Alberto Contador has already signalled his intentions to ride the Giro and the Tour next season. The Spaniard previously attempted the double in 2011, when his results were ultimately excised from the record books due to his 2010 positive test for clenbuterol.

On that occasion, Contador wore the pink jersey into Milan but paid a price for those efforts at the Tour, but the route of the next year’s Giro appears to be more balanced than the extremes the peloton faced during the corsa rosa of 2011.

“This Giro is designed so that a rider – and Alberto was the first to float this idea – can allow himself to ride the Giro d’Italia and try to win it, and then go to the Tour, be competitive and try to win that too,” Vegni said. “I don’t think that the Giro can do any more than that.”

Vegni applauded Contador’s decision to attempt the Giro-Tour double and expressed the wish that more contenders follow suit rather than choose between the two races, as has been the norm in recent seasons.

“This idea floated by Alberto is right, I think, not because the Giro d’Italia needs to counter the power of the Tour, but simply because it’s in line with what the people want,” Vegni said. “People want to see the best riders competing on all terrains.
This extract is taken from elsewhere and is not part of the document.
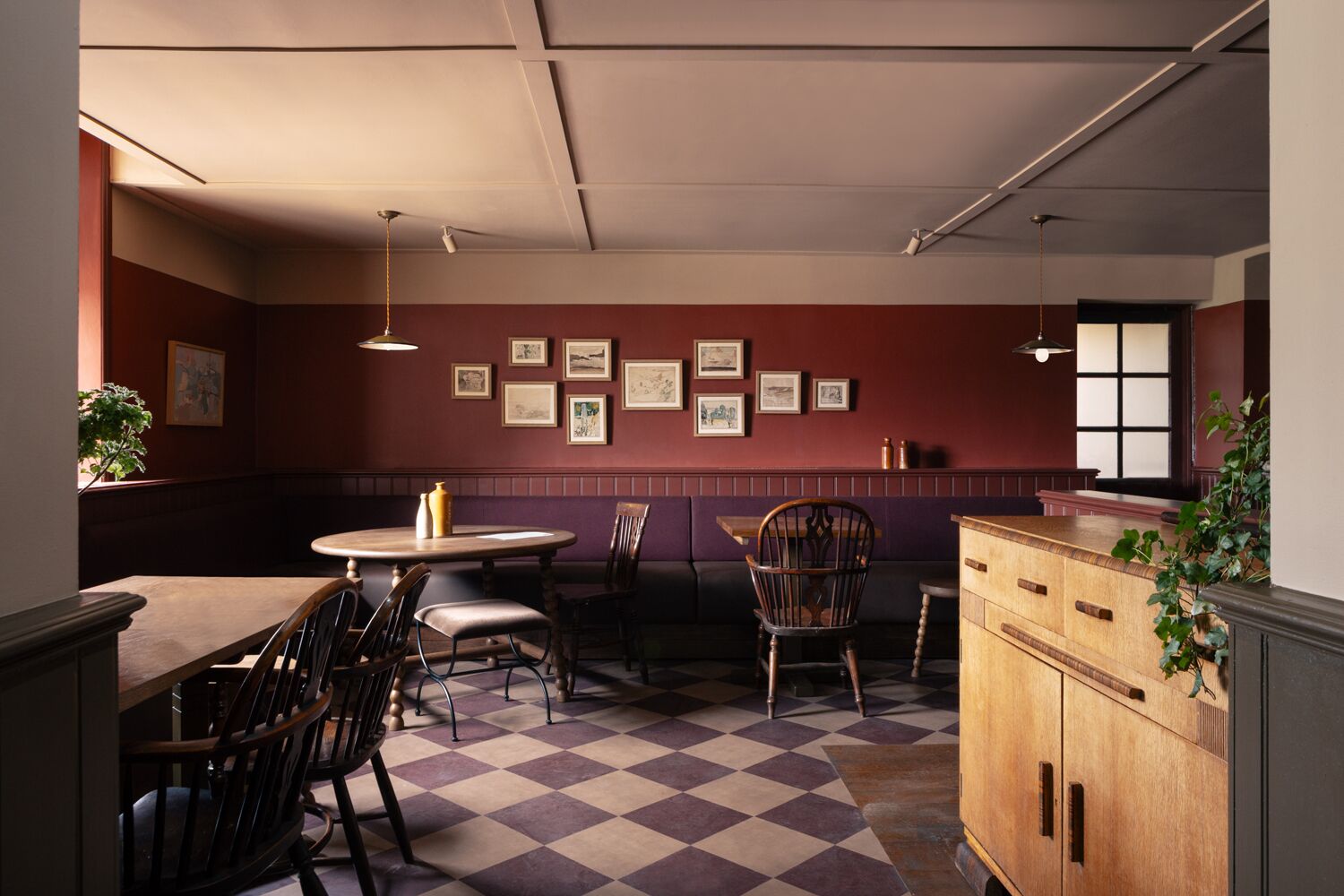 Un coin repas avec un sol à carreaux, des chaises en bois, une table ronde et des tableaux encadrés accrochés au mur.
For a few years, the riders who have done the Giro haven’t gone to the Tour, and vice-versa.

“We’d like to see everybody at the same level, doing the same races. We’d recreate the duels that made the history of this sport. It’s clear that it’s more in the interest of the Giro than the Tour to advance this idea, but I believe it would be good for the people.”

Last month, Tinkoff-Saxo owner Oleg Tinkov challenged Sky, Astana and Movistar to send Chris Froome, Vincenzo Nibali and Nairo Quintana to both the Giro and the Tour next year. On Monday, he told Cyclingnews that Tinkoff Bank would put up €1 million as an incentive for them to join Contador at both races.

“I don’t want to say the same thing because it would seem hollow but if a challenge were created with a special prize, we’d do our part,” Vegni said.

While the Giro brands itself as the “toughest race in the world’s most beautiful place,” RCS Sport has made efforts to temper some of its extremes since Angelo Zomegnan’s tenure as race director came to an end in 2011. For the second year running, the 2015 Giro will see a reduction in transfers between stages, with Vegni estimating the total distance to be in the region of 800 kilometres.

“In recent years, we’ve had fewer transfers. It’s difficult but more human, because it’s not true that a difficult race is an inhuman one,” he said. “I’ll probably be criticised for not having enough of southern Italy in the course but covering all 20 regions is impossible. When you reach 13 or 14, you’ve done the most you can. We’re starting in the north and have to finish there, so we couldn’t do more than that without putting in big transfers.”

The long time trial to Valdobbiadene and the mountainous final week stand out as highlights of the 2015 Giro route, but Vegni said that there was no lone stage where the race would be won and lost. “You win this Giro every day, by gathering a little more hay in the barn, because every day is a hard day and you always have to be alert,” he said. “The first week has almost 10,000m of altitude gain, which means that if you’re not careful you’ll start the second week already three or four minutes down on GC.”